The three of them effortlessly defeat the invisible alien thing (called a Zzzzzzzzz, I think, or I may have nodded off briefly). The Doctor then breaks pretty much every rule he's ever had by allowing non-diegetic modern pop music onto the soundtrack (oh, and he takes an individual to see his own future impact too). Vincent is shown that he will be successful, but this makes no difference and he still commits suicide sometime after they've dropped him back in his proper place and time, which the Doctor knew would happen all along (bit presumptuous of him that, really, though).

Context:
It has become a tradition that every year, once a year, the blog covers a story during the family holiday, and the Deeper Thoughts section temporarily morphs into something of a travelogue (previous examples have been The Leisure Hive last year, and The Androids of Tara the year before). We were going abroad this time, and several factors - luggage space being at a premium, the randomly selected tale being of 21st century vintage, and my being burned last year with the lack of a DVD player in an Isle of Wight cottage (so what chance a holiday apartment in Tenerife?) - necessitated that physical media would not be coming abroad with us. But technology came to the rescue, and I did something I've not had call to do before: I opened the BBC iplayer app, where everything from Rose onwards is available right now, and downloaded an episode of Doctor Who (two actually, but that's another story) onto my phone.

As we were in the Canary Islands, Planet of Fire would have probably been the choice had it been a non-random selection, but it's already been covered for the blog here. Vincent and the Doctor is pretty summery, though, and the crew went abroad themselves to film it. One evening, when the family had turned in, I sat out on the apartment veranda and watched with a glass of red, which chimed a bit with the European street café vibe of the early Arles sections of the story.

First-time round:
On its first BBC1 broadcast, live or probably slightly time-shifted, in June 2010. Matt Smith's first year had a few great stories, but was mostly disappointing for me. So, the only clear memory I have is the usual roller-coaster dip of repeatedly starting a story with high expectations, and ending the experience thinking "well, maybe next week's will be better". This time, it had a cameo from Bill Nighy and was being written by Richard Curtis, most of whose work to that point I'd very much enjoyed; so, the roller-coaster started higher, but ended lower, alas.

Reaction
To date, this is the only Doctor Who episode to be followed on its broadcast by the BBC announcer giving it the old "if you have been affected by any of the issues in this programme" v.o. with a caption card containing a helpline number. It would be easy to scoff at this (how many people rang up to ask for help with the giant invisible alien chicken in their local church, do you think?) but the message, like the story preceding it, had its heart in the right place. It's therefore hard to criticise without seeming uncharitable, but I'm going to try my best. This is such a cautious depiction of mental illness - as it probably had to be for a family audience - that you could blink and miss that there was anything up with Vincent at all.

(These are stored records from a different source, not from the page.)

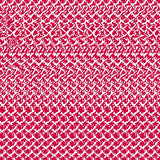 Festive Nordic Lattice Interlocking Snow Petal Mosaic Inspired by Winter(Red)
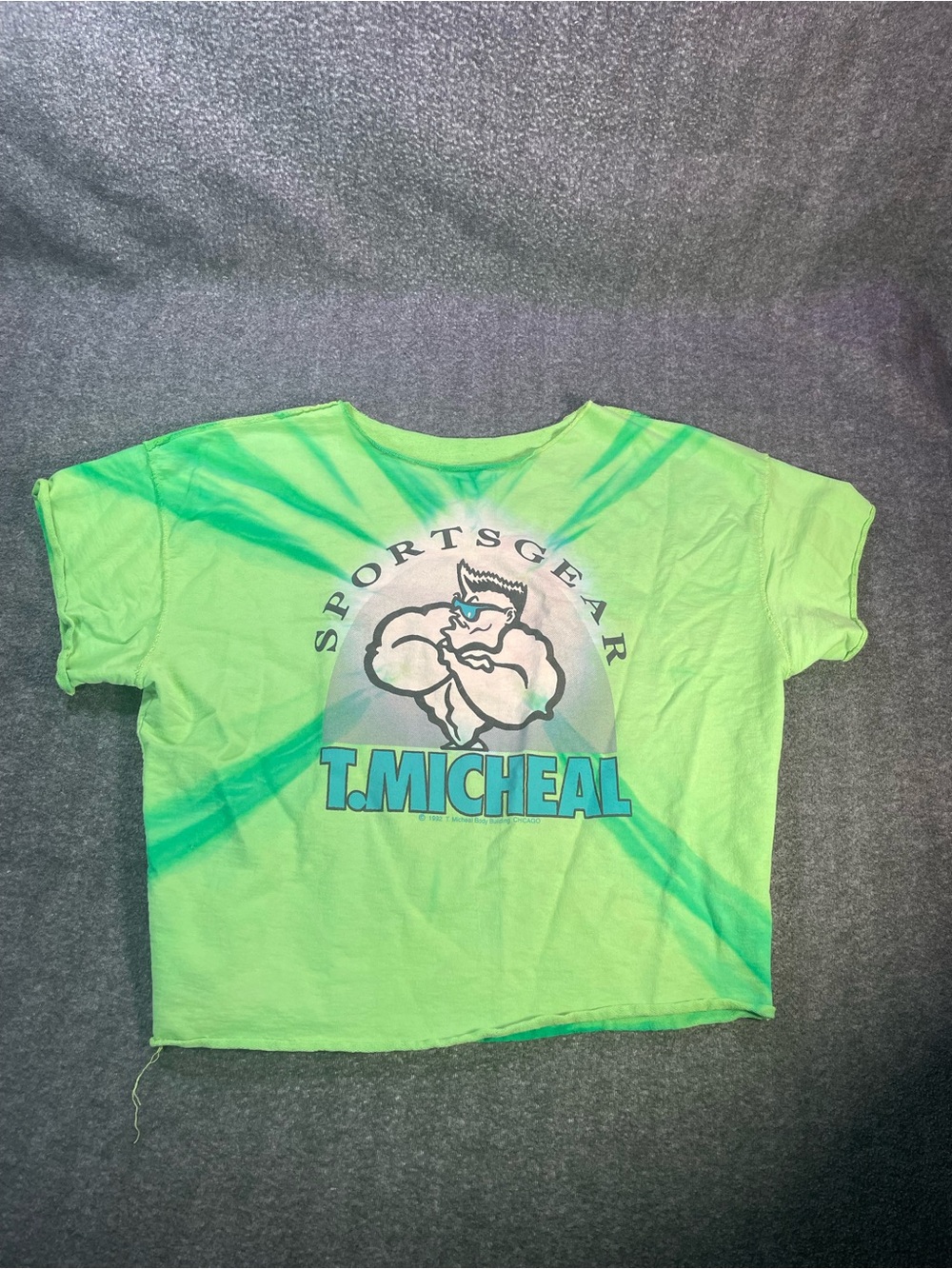 Vintage T. Micheal SportsGear Cut Crop Shirt Mens XXL Tie Dye Early 90’s 1992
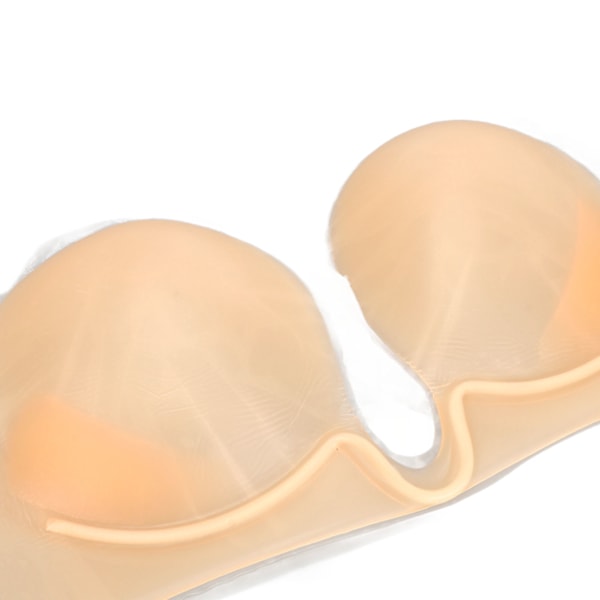 Selvklebende Silikon BH En Del Push Up Strapless Sømløs Push Up BH for Bryllupskjole A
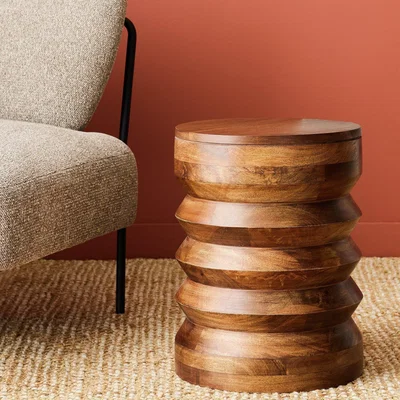 Habitat Habitat Marx Side Table - Walnut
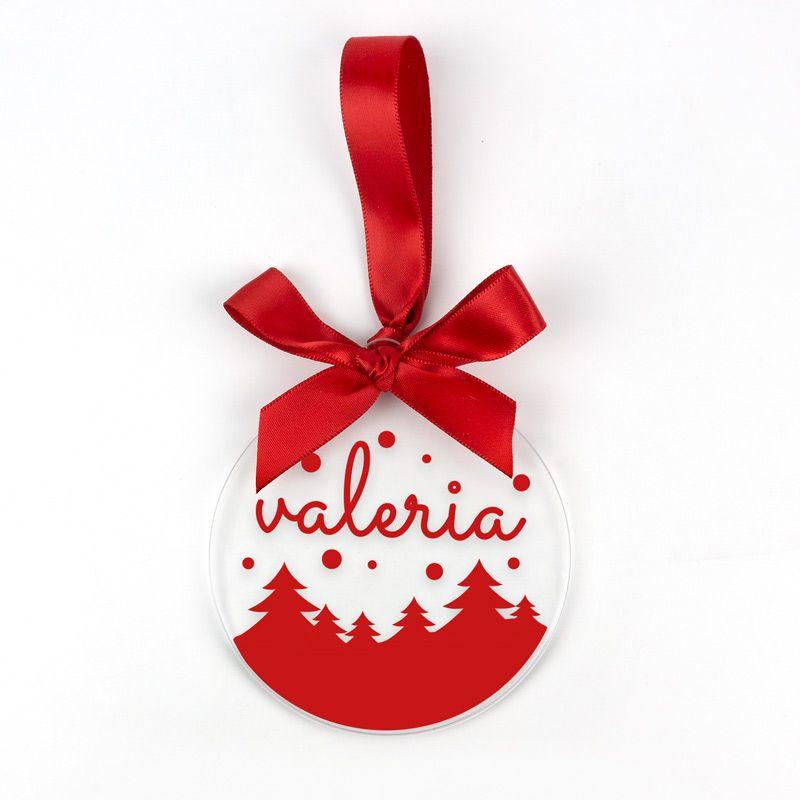 Bola Navidad Personalizada Rojo - Nanetes #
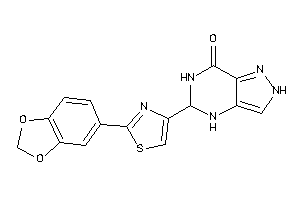 Image of 5-[2-(1,3-benzodioxol-5-yl)thiazol-4-yl]-2,4,5,6-tetrahydropyrazolo[4,3-d]pyrimidin-7-one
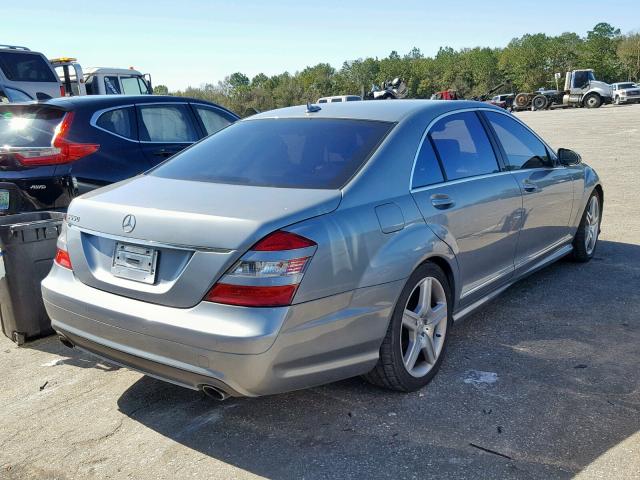 WDDNG71X28A178428 - 2008 MERCEDES-BENZ S 550 SILVER photo 4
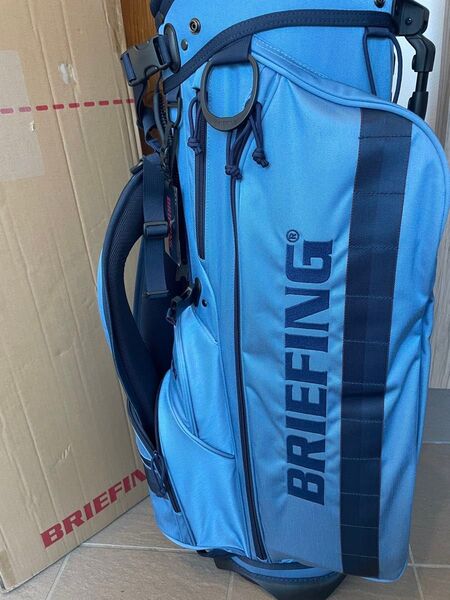 正規品 BRIEFING GOLF ブリーフィング ゴルフ キャディバッグ CR-4 #03 FADED デニムブルー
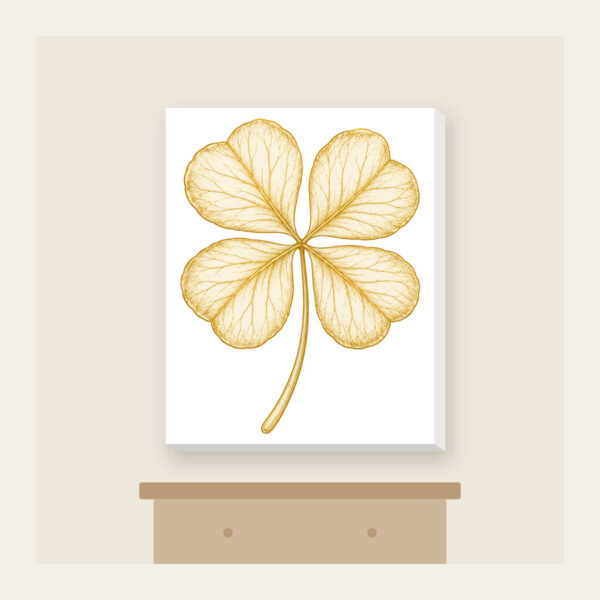 Product image Four-Leaf Clover Botanical Plate Canvas Print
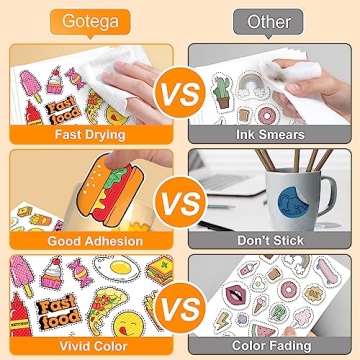 Printable Vinyl Sticker Paper 30 Sheets - Waterproof & Quick Dry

To overcompensate, the script repeatedly talks about it: tell, tell, tell; it hesitates to show more than a glimpse. As such, it fails as a drama and damages the possibilities for engagement on the topic that presumably were the intention in the first place.

This hesitance borders on historical inaccuracy. Vincent's documented troubles amounted to quite a bit more than feeling sad that he's going to be lonely. I was distracted for a lot of the running time scouring the little screen on which I was viewing it to see if there was any make-up job on his ear, which he'd famously mutilated two years before the events of this story; obviously, the production team has decided not to go anywhere near there. So, if they couldn't really cover the complexities of the subject properly in the chosen vehicle, should they not have tried at all? Tough call. Arguably, this script raises awareness of a subject to a new audience, and that's a good thing if it's an honest depiction. But is it? I don't feel qualified to judge, and I don't know why anyone would, even Curtis with his many years working for good causes.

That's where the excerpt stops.